Thanks to Earth’s aggressive carbon cycle the global environment enjoys a great diversity of life that has continual access to the nutrients it needs. Earth’s carbon cycle also plays a critical role in regulating the amounts of carbon dioxide and methane in the atmosphere. Thanks to viruses we have the carbon cycle running at the rate we need and the amounts of atmospheric greenhouse gases that are optimal for our existence and our civilization.

Additionally, viruses already are playing significant roles in medical therapies and in advancing medical technology. In the near future, we can look forward to medical practitioners exploiting viruses to combat cancer and cure genetic diseases.

Making Viruses Worse

As with any good thing in nature, there are potential downsides, which can be made a lot worse by human neglect, abuse, and sin. Mosquitoes are a good example of how we humans made things a lot worse than God intended. Before humans messed things up, mosquitoes occupied only about 10 percent of Earth’s land area, cleaned up debris (like lemming poop), and provided food for many freshwater fish species. Now they occupy over 99 percent of Earth’s land area and are a nuisance and health hazard for much of the human population.

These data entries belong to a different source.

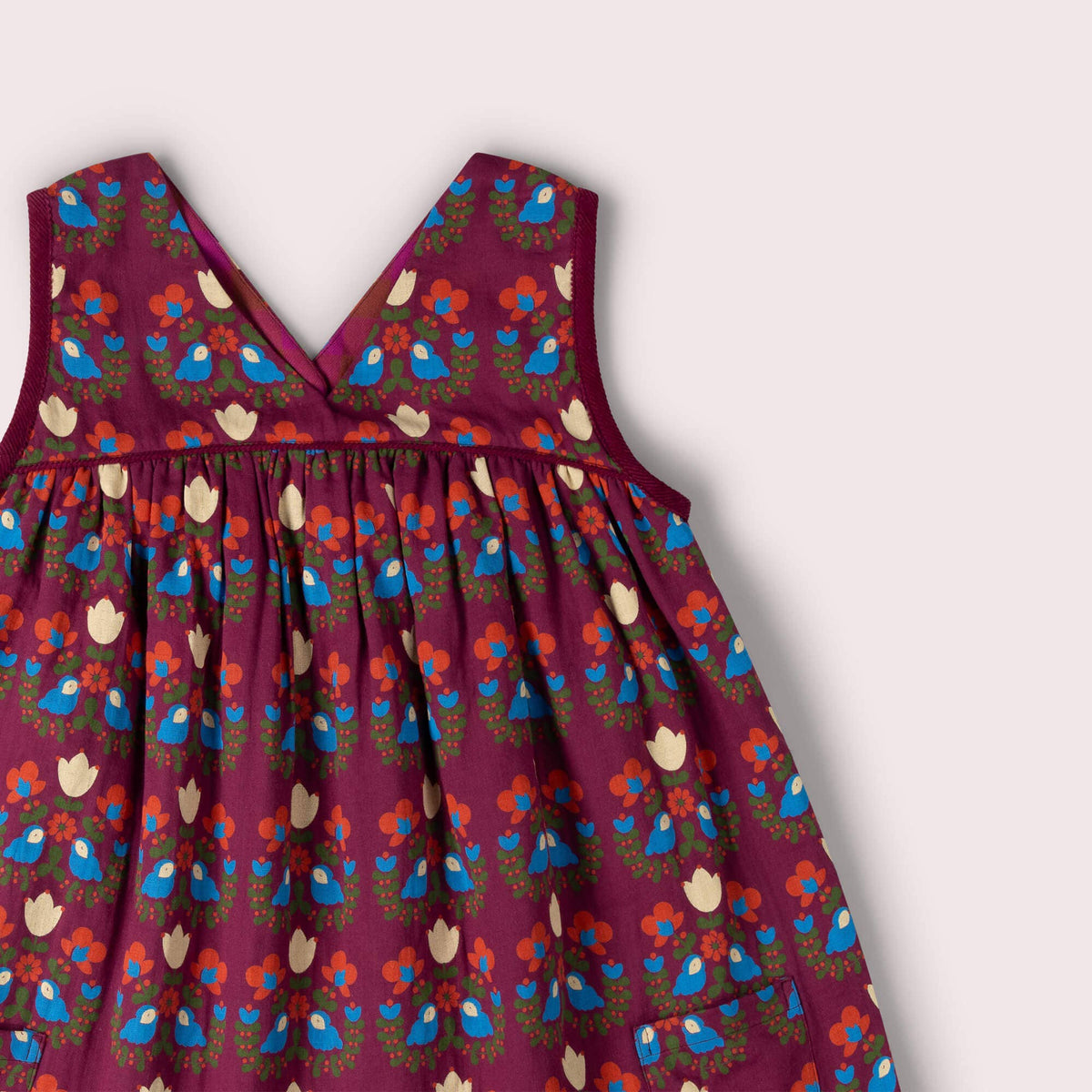 Close-up of the V-neckline and blue bird and flower print on a burgundy swing dress.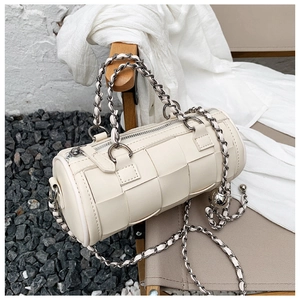 Detail of cream woven cylinder bag featuring silver chain strap and metallic ball charm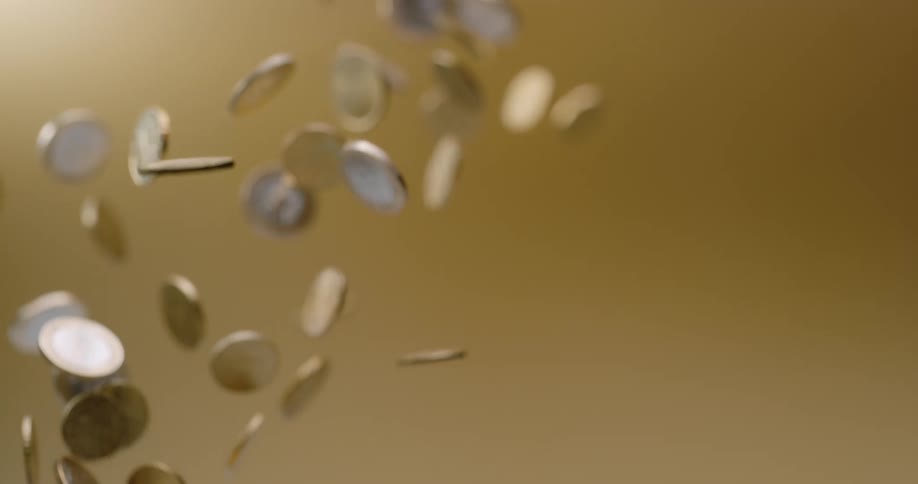 Several coins are tossed in the air from below and drop down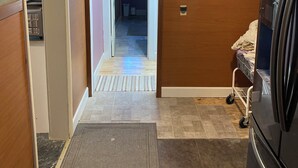 A hallway with a refrigerator, a door leading to a bathroom, and a mat at the entrance.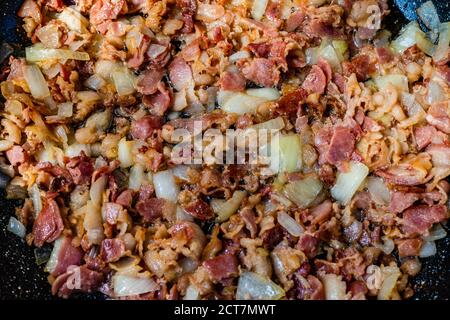 Fried bacon with onions in the frying pan Stock Photo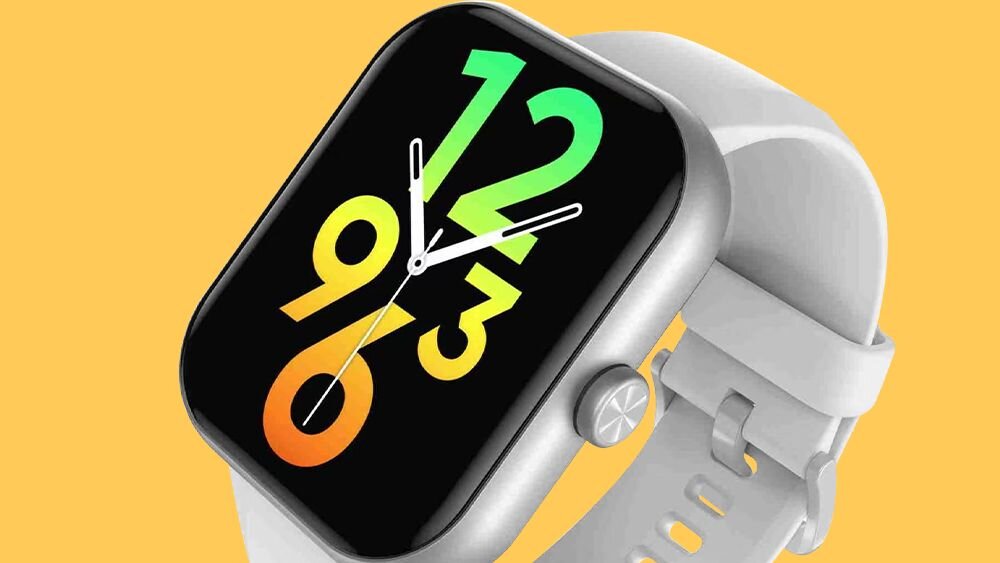 Smartwatch z prostokątnym wyświetlaczem, na którym widoczny jest kolorowy zegar z dużymi cyframi 12, 3, 6 i 9. Pasek zegarka jest jasny, a obudowa ma metaliczny wygląd.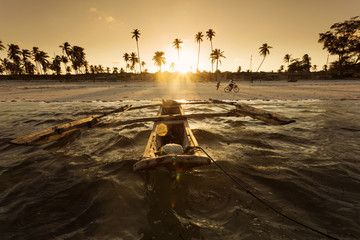 Traditional fishing boat floating on ocean at beautiful sunset i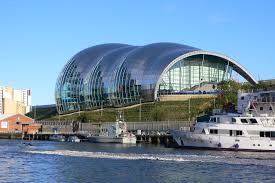 Gateshead is a town in tyne and wear in the northeast of england, situated south of newcastle upon tyne on the banks of the river tyne. Sage Gateshead Wikipedia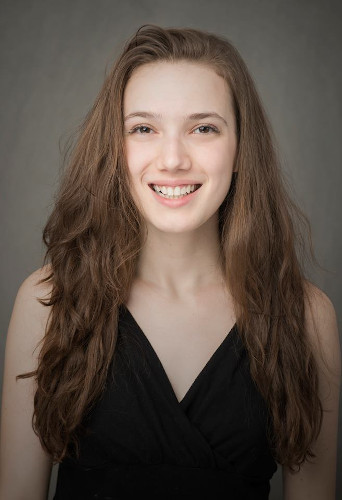 
		A portrait photo of a white woman in a black V-neck tank top with a grey background. Her long semi-wavy light brown hair falls symmetrically next to each arm as her body and big smile aim directly to the camera.
		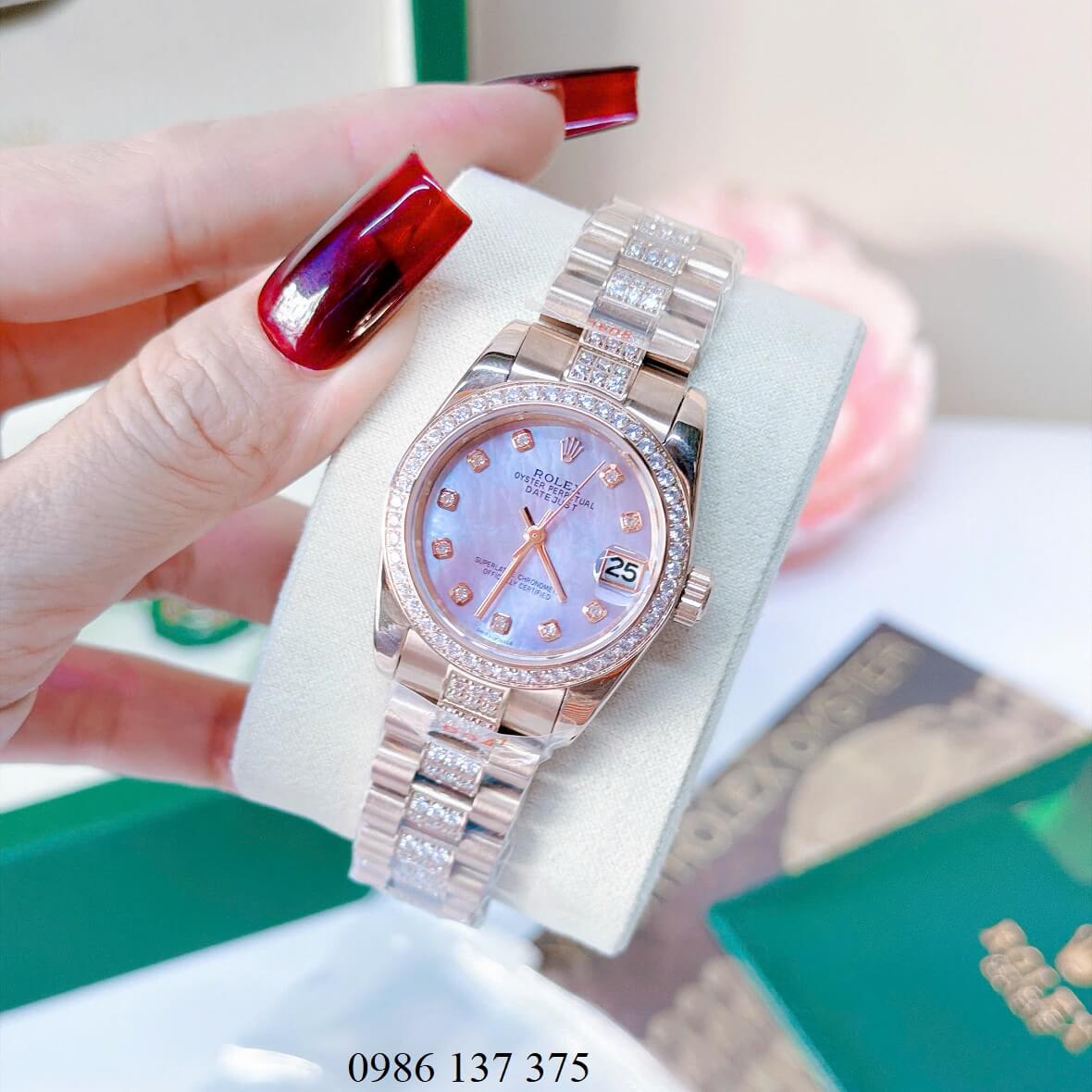 Đồng Hồ Nữ Rolex Datejust Viền Đá Mặt Xanh Xà Cừ Dây Kim Loại Vàng Hồng Đính Đá Size 31mm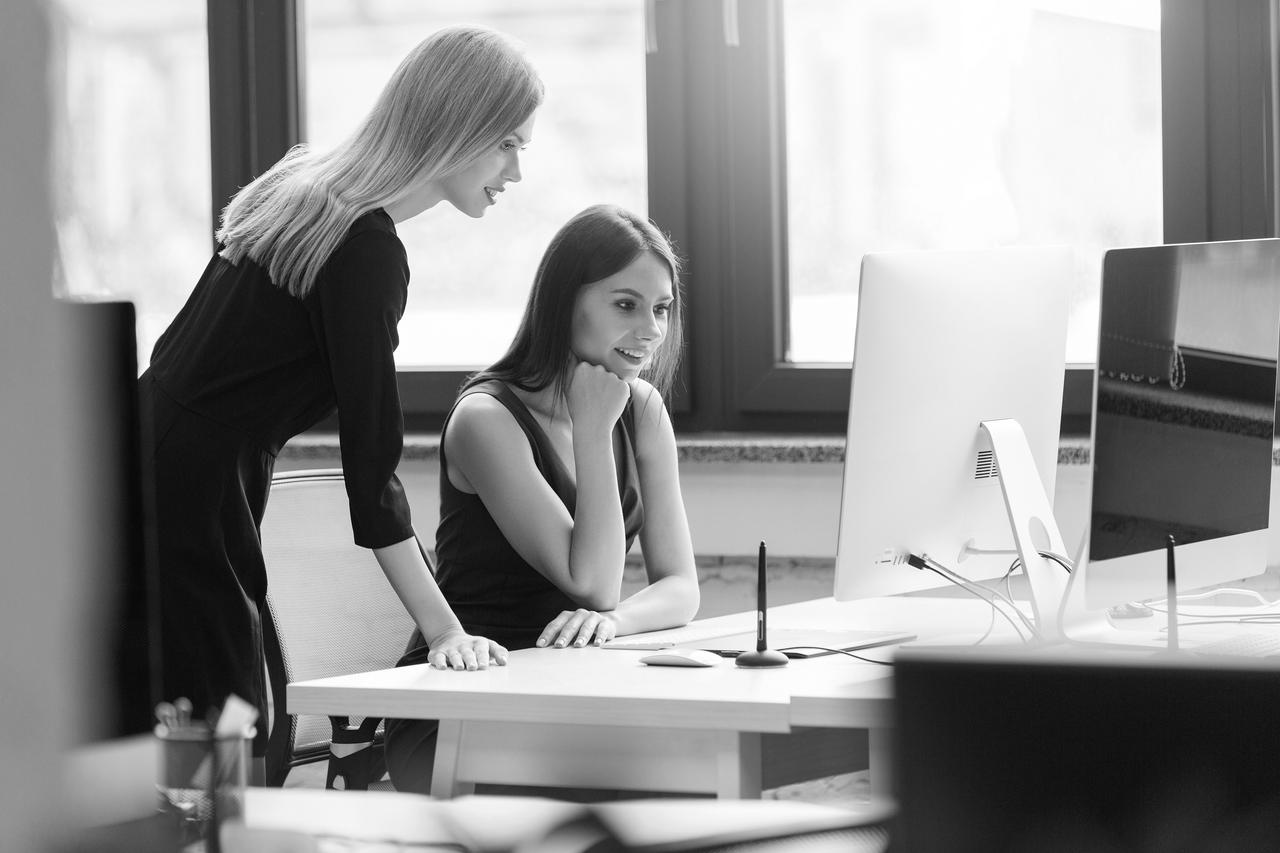 Two women in an office setting looking at a computer screen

As with mosquitoes, humans have made viruses a lot worse than God intended. If only we had consistently practiced the health mandates written in the Old Testament, we very likely would not have had to deal with HIV, SARS-1, MERS, and SARS-2 (responsible for COVID-19). These are all viruses that were present in animals and jumped to human beings.

We make those jumps more likely where we have have dense populations of domesticated and/or wild animals in close contact with dense populations of humans. The larger, the denser, and the more stressed those animal and human populations are, the greater the opportunity for relatively benign viruses to mutate and become killer viruses.

My prayer is that we learn from our experience with COVID-19 how to better prevent such pandemics from occurring in the future. Changing the ways we manage and trade our domesticated animals to minimize their crowding, stress, and contact with dense crowds of humans would be a start. Minimizing stress and maximizing personal health, fitness, and hygiene in human populations, especially among the poor, is especially important. Let compassion, kindness, and wisdom reign for our benefit and the benefit of our animals!